Something's been bothering me about best practices. Enough to drag me out of my long winter's hibernation to talk about it. What do you think?
You know "best practices." They’re supposed to be the guideposts of successful fundraising. But what happens when best practices go wrong? This...

Here's just one impact of bad practice. Fundraisers who want to make even the slightest innovation, must climb over a very high hurdle: "What are the others doing?" Nothing wrong with benchmarking and knowing the landscape, but these so-called best practices might not be best. Certainly not if you are driven to model yourself after the mediocre. If you look closely at more of these, you will see the slavish devotion for what it is. A one-way trip to the Matrix. Instead of following the others, imagine alternatives that can take you to a far better place. Here is what I think might be the worst of the worst.
Worst Practice #1
The notion that the best fundraiser is a specialist. Leads to ...
  • The notion that campaigns for annual/major/planned giving is the only way.
  • The notion that the best leaders rise only from specialists.
  • When you meet a donor who gives every way, why would your boss need to send three specialists -- separate gift officers to solicit unrelated separate annual, major and planned gifts?
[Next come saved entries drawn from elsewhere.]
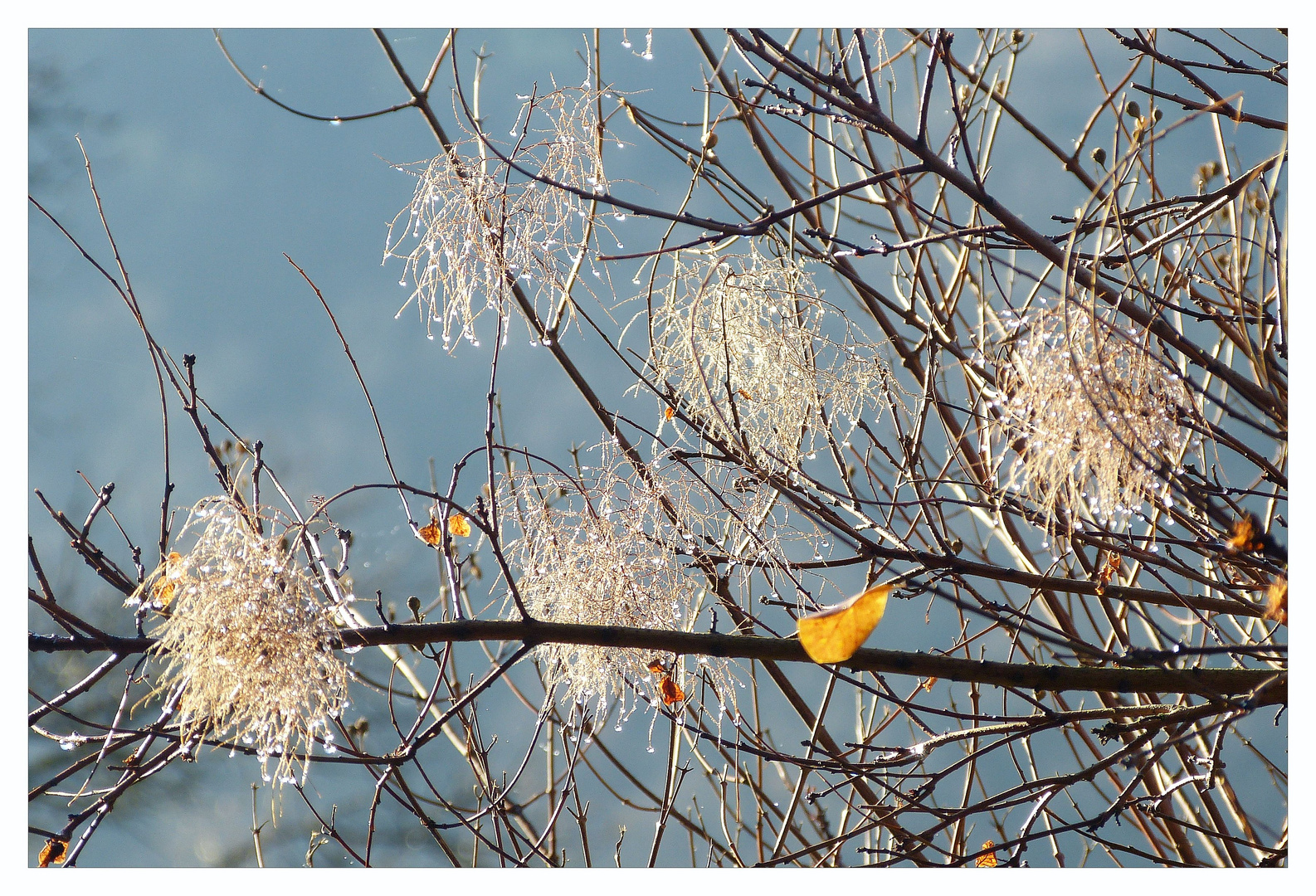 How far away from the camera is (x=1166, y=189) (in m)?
2.17

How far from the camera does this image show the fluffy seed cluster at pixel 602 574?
3.22 feet

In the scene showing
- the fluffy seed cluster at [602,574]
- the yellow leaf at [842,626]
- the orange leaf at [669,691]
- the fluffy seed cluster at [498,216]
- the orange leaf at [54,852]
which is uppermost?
the fluffy seed cluster at [498,216]

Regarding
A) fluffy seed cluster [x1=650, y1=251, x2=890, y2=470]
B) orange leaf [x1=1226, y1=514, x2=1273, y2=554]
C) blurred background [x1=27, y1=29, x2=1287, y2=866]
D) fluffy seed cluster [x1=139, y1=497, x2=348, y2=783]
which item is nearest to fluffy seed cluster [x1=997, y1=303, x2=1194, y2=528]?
orange leaf [x1=1226, y1=514, x2=1273, y2=554]

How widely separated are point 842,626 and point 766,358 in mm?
433

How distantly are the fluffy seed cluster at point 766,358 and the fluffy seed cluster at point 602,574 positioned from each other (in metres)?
0.14

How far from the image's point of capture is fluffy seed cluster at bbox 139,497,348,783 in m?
0.71

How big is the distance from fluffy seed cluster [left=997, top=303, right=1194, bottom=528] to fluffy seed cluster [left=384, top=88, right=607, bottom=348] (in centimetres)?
46

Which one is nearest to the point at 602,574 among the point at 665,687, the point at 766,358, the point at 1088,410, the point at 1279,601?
the point at 665,687

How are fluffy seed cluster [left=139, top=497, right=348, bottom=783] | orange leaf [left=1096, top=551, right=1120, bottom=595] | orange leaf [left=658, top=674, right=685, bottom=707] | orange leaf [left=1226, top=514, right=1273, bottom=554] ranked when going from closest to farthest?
orange leaf [left=1226, top=514, right=1273, bottom=554], fluffy seed cluster [left=139, top=497, right=348, bottom=783], orange leaf [left=1096, top=551, right=1120, bottom=595], orange leaf [left=658, top=674, right=685, bottom=707]

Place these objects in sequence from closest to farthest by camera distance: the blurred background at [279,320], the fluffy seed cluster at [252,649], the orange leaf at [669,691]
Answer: the fluffy seed cluster at [252,649] → the orange leaf at [669,691] → the blurred background at [279,320]

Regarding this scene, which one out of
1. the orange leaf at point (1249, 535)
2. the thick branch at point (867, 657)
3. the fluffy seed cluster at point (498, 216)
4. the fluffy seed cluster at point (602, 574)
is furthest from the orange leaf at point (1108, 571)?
the fluffy seed cluster at point (498, 216)

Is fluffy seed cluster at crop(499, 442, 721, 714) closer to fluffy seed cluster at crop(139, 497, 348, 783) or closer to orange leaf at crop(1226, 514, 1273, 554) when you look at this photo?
fluffy seed cluster at crop(139, 497, 348, 783)

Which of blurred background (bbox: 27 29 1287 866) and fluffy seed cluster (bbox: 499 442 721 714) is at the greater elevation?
blurred background (bbox: 27 29 1287 866)

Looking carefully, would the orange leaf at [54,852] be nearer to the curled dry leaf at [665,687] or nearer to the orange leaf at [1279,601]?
the curled dry leaf at [665,687]
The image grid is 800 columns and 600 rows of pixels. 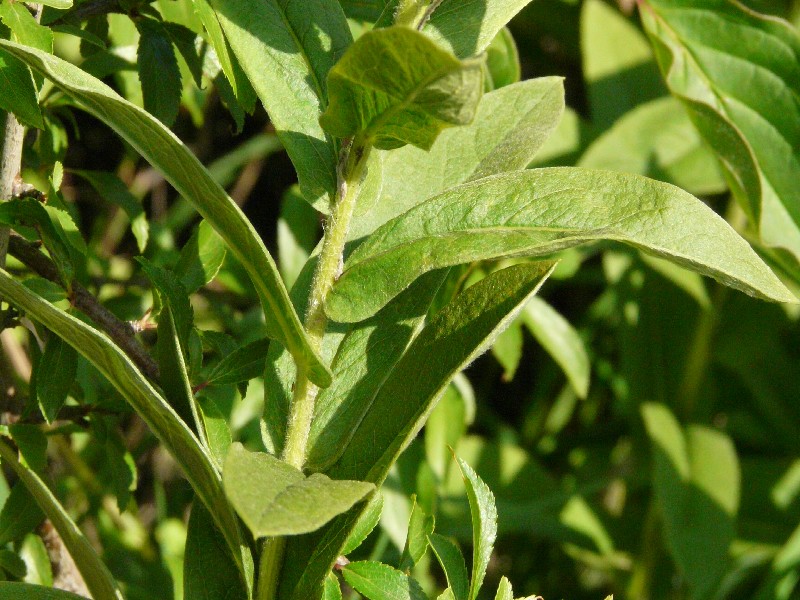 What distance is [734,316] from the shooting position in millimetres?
1884

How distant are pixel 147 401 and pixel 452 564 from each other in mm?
243

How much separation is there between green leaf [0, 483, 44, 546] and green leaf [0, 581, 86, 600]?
0.16m

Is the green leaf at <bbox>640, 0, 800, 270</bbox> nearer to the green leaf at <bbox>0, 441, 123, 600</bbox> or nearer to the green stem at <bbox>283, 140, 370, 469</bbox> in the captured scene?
the green stem at <bbox>283, 140, 370, 469</bbox>

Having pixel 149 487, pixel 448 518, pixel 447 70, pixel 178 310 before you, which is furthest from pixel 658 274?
pixel 447 70

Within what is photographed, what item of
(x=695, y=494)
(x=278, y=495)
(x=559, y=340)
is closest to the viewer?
(x=278, y=495)

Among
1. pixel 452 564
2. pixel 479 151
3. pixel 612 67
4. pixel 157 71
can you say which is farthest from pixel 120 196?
pixel 612 67

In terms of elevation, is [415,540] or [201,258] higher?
[201,258]

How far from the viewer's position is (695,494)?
1.65 m

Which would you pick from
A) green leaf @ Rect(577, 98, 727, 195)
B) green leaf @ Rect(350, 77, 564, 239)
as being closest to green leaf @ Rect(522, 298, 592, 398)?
green leaf @ Rect(577, 98, 727, 195)

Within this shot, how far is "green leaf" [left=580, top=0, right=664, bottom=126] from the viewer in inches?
76.1

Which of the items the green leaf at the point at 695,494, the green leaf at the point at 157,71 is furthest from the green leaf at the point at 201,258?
the green leaf at the point at 695,494

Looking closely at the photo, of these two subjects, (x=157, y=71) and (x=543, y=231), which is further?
(x=157, y=71)

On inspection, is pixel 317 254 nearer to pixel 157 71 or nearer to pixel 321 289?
pixel 321 289

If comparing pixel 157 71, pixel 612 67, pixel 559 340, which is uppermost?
pixel 157 71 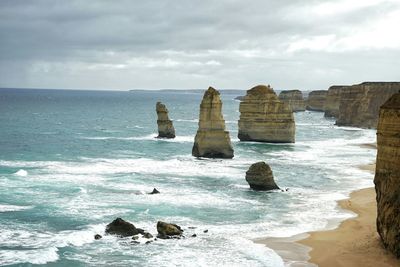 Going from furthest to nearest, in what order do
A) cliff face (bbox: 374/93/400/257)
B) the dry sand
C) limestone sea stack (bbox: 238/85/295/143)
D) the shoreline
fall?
limestone sea stack (bbox: 238/85/295/143), the shoreline, the dry sand, cliff face (bbox: 374/93/400/257)

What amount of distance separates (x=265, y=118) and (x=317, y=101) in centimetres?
11037

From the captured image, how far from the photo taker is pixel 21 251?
24.5 metres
[Why not send One enlightened generalist who can meet the donor where they are? Spoiler: we don't make them we don't teach them; someone else "owns" that donor. Where is job description for such a gift officer? I can show you.]
After you’ve crashed the fundraising matrix
Instead of a specialist, imagine that you are an Enlightened Generalist.
  • Notice the toxicity of separated, fragmented, compartmented goals and mediocrity.
  • Instead, resist the notion that the institution is always greater than the donors.
  • Even if that’s true, an enlightened generalist sees the trap of it.
Some curatives
Instead of success as a lone wolf, place a higher value on integration, collaboration and build success upon the notion of a unified campaign.
  • Value all the constraints on you. Push through to new insight on what’s possible.
  • Pay attention. The key to flying: the thing you push against is the thing that lifts you up.
What exactly is the difference before and after?
  • Enlightened generalist sees "mastery" differently.
  • Mastery becomes a journey beyond specialization, narrow domain skills and transaction.
  • Instead of getting what you can in the moment, you see possibilities for transformation in every gift, and in every donor that you meet.
  • You experience the three kinds of transformation: that of the donor; that of the institution; and, the most rare, that of yourself, as gift officer.
What’s been learned?
  • You, as an enlightened generalist can be that fully-present gift officer who can hear the aspirations of all donors - and in each particular donor - to reach their the highest level of impact. And aim for that donor's impact to begin now.
  • Leadership will one day rise above the heap of specialists, shouldn't it? Rather, move past narrow domain knowledge to a broader landscape where each opportunity may be treated as a rich challenge to move beyond yourself, as institution, donor and gift officer.
See that the J O Y of giving is attainable, as a Journey Outside Yourself.